La thèse de Taylor est que la sécularisation n’est possible que si quelque chose comme un « humanisme exclusif » est apparu. Et qu’il soit apparu, non comme une doctrine purement philosophique, réservée à une élite pensante ou à des cercles académiques, mais comme une option réellement disponible à grande échelle : une attitude que tout un chacun est capable de formuler pour lui-même ou pour d’autres, de justifier ou en tous cas de comprendre – fût-ce avec la même naïveté ou à l’aide des mêmes raccourcis commodes qu’un croyant de l’ancien temps pouvait justifier sa propre foi. Il faut, autrement dit, que l’humanisme exclusif, dans ses diverses variantes, soit devenu une partie du « sens commun ».

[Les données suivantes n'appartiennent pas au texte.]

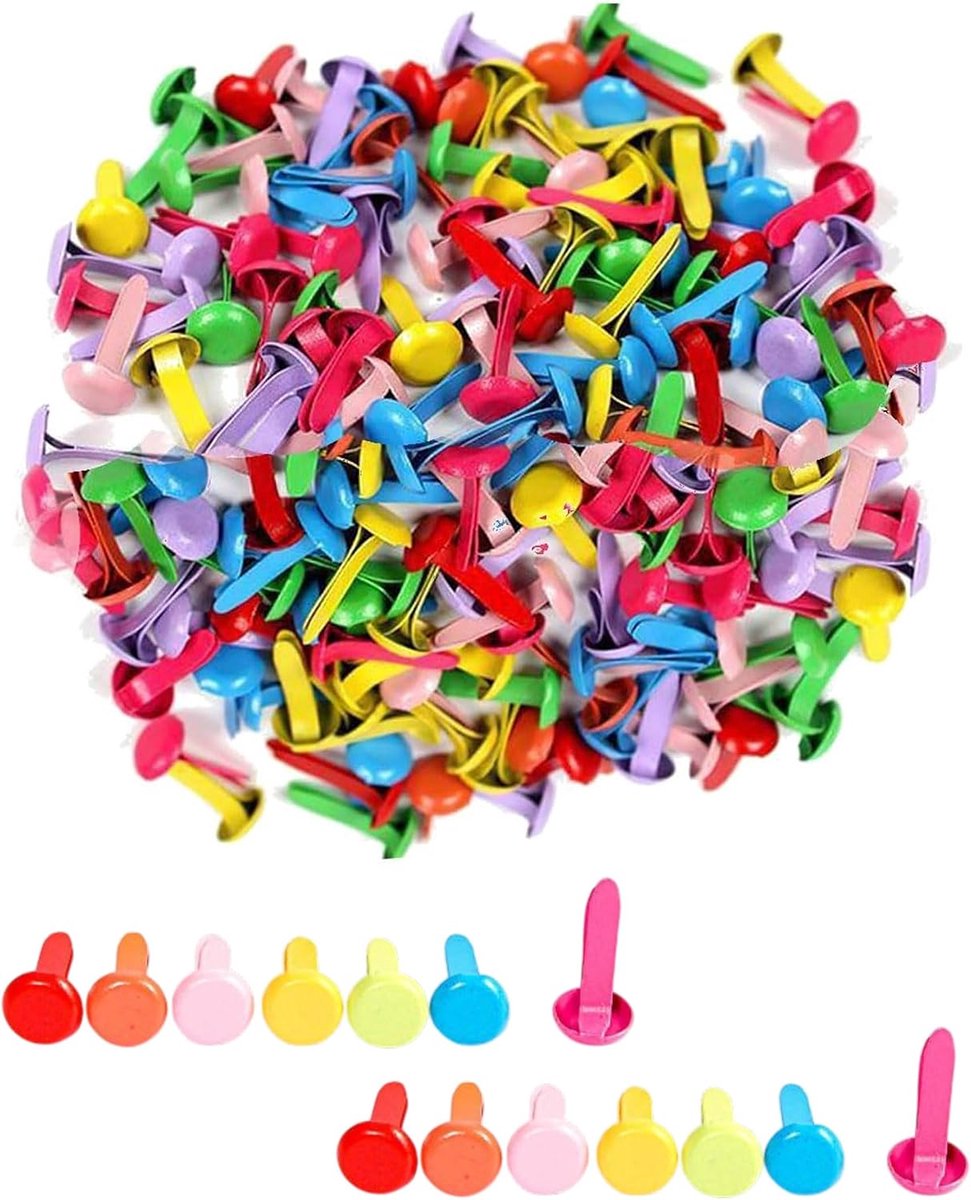 100 stuks Mini Brads Musterbeckelklammern, Musterklammern Metaal rondkopklemmern Scrapbooking Brads Musterklammern Voor School Bureau Briefklemmern Handwerk DIY, Musterbeckelklammern (Kleur)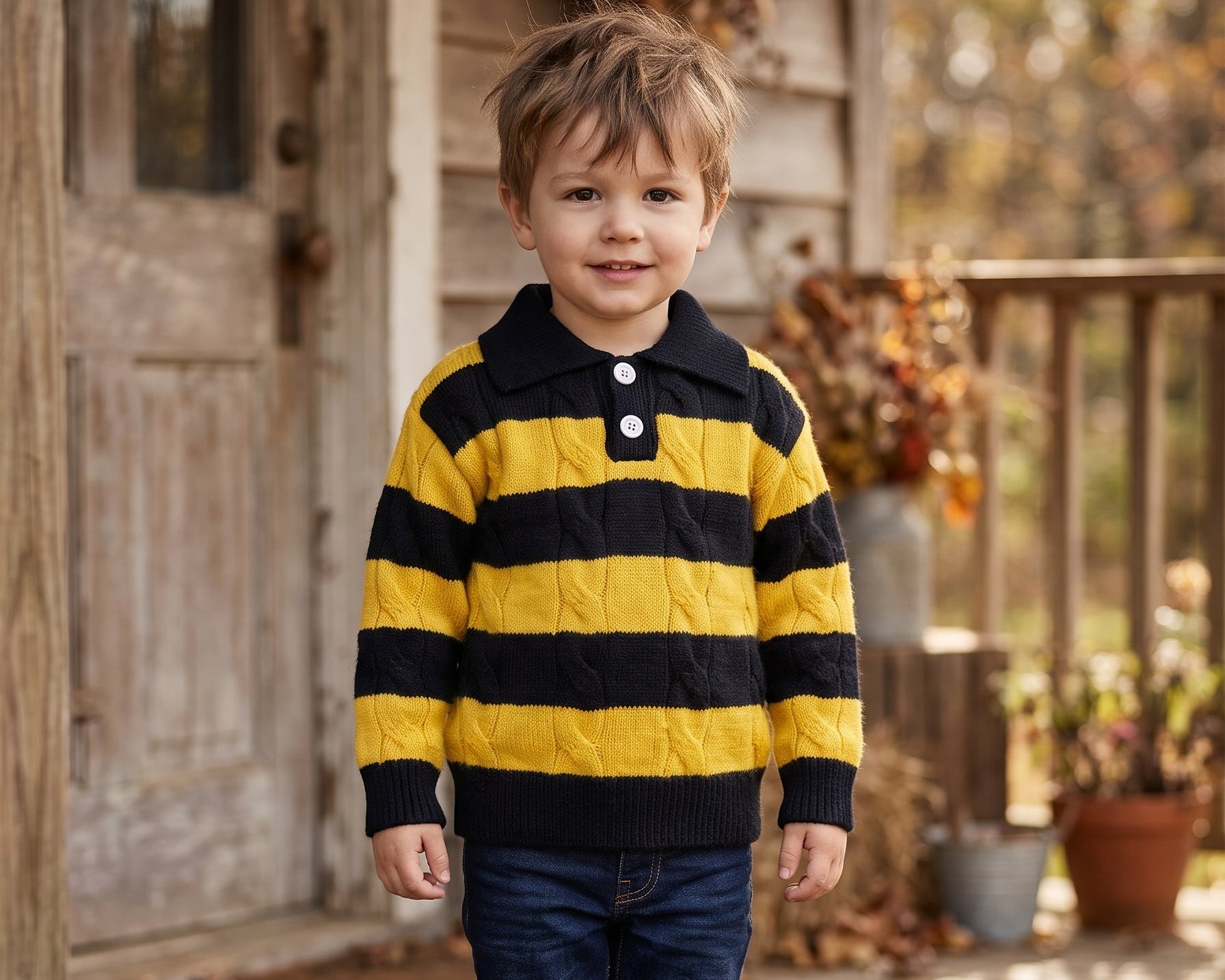 Cozy Kids Yellow And Black Striped Cable Knit Collared Winter Sweater For Boys Daily Wear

Je conclus ce développement en signalant ce qui fait, à mes yeux, l’intérêt de la démarche de Taylor. En cherchant à caractériser l’humanisme exclusif et à en retracer la genèse, il s’inscrit en faux contre les théories de la sécularisation qu’il appelle lui-même des « théories de la soustraction ». Ce sont les théories, ou plus exactement les récits, qui voient dans la sécularisation le résultat progressif d’une série de soustractions : l’humanité se sécularise, disent ces théories, lorsqu’elle s’affranchit de la croyance, des illusions, des limitations de la connaissance, des « projections » dans l’au-delà de ses propres pouvoirs immanents ; lorsqu’elle renonce à « l’hétéronomie », lorsqu’elle comprend qu’elle possède en elle-même la source de toute légitimité et de tout pouvoir, au lieu de croire ceux-ci inhérents à un ordre transcendant.

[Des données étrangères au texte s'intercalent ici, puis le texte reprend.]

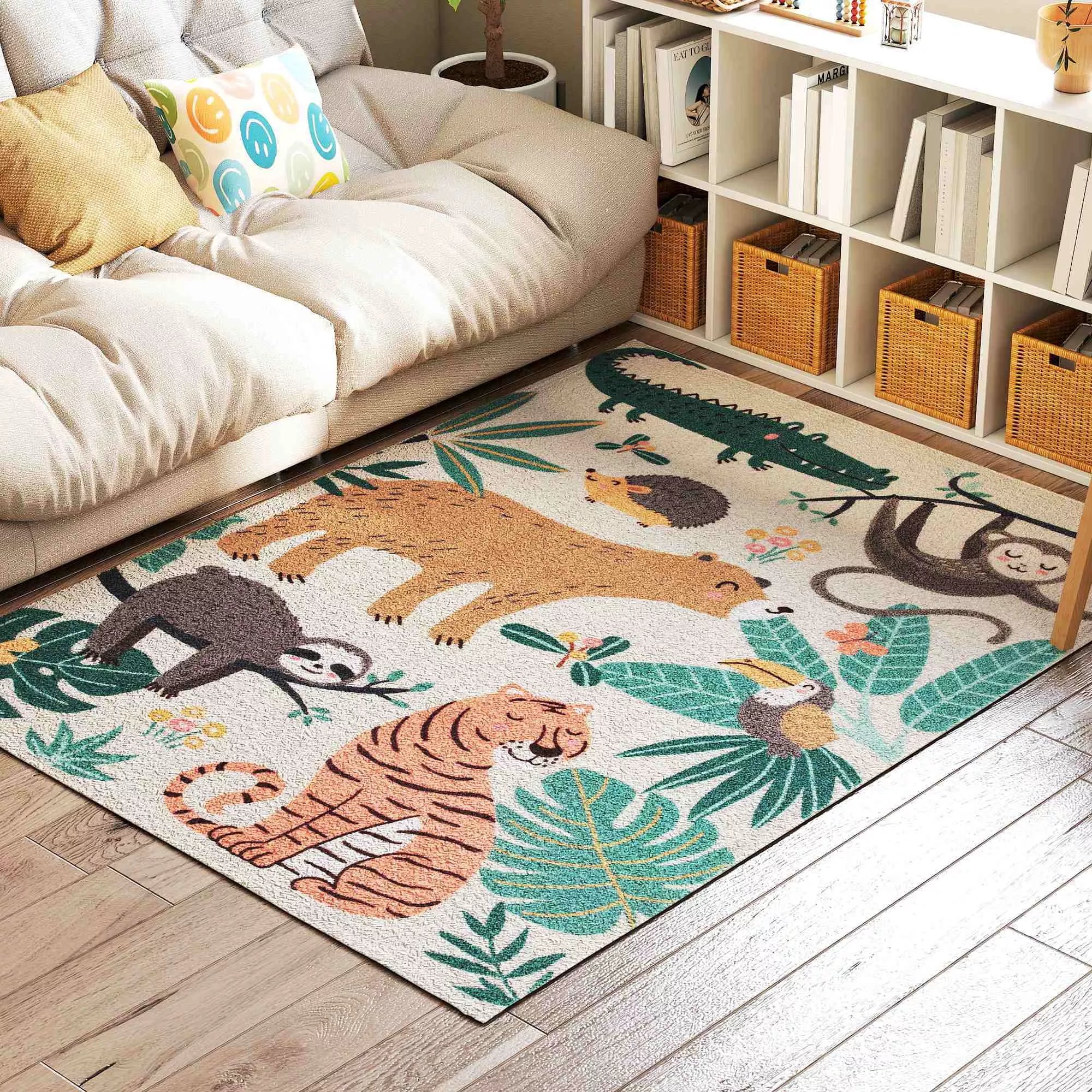 Fleece kilimas su džiunglių raštu, 160 x 120 cm, daugiaspalvis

Tout cela, disent les récits de la soustraction, était déjà là présent, sous-jacent depuis toujours : la modernité consiste à la « découverte » de ce fond déjà présent – ce que Kant appelle pour sa part la « sortie de la minorité ». Comme l’enfant cesse de croire au Père Noël lorsqu’il découvre que les cadeaux lui arrivent par ses propres parents, la société devient séculière lorsqu’elle renonce aux explications mythiques et comprend qu’elle est seule dépositaire des sources de la vérité et du bien.

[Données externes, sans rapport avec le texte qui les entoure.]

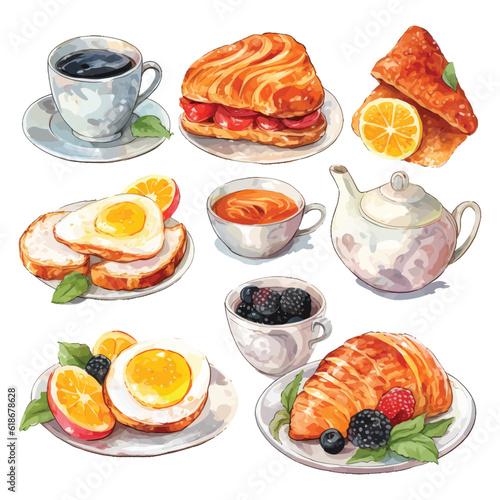 watercolor illustration of breakfast sets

Les récits de la soustraction se reconnaissent au lexique qu’ils privilégient pour décrire la sécularisation : affranchissement, libération, accès à l’autonomie, découverte que l’homme est un sujet, etc. À ces récits, Taylor veut en opposer un autre, où il n’est pas question de découverte (de traits de la nature humaine toujours déjà présents, mais recouverts par des institutions plus ou moins oppressives), mais d’inventions. Ce n’est pas comme si l’humanité s’était enfin dépouillée d’habits d’emprunt qui recouvrait sa vraie nature : il s’agit plutôt de comprendre comment, en l’espace de quelques siècles, elle est parvenu à renouveler entièrement sa garde-robe, au point, bien souvent, de ne plus comprendre comment, considérant ses vieux atours abandonnés, elle a jamais pu porter ça.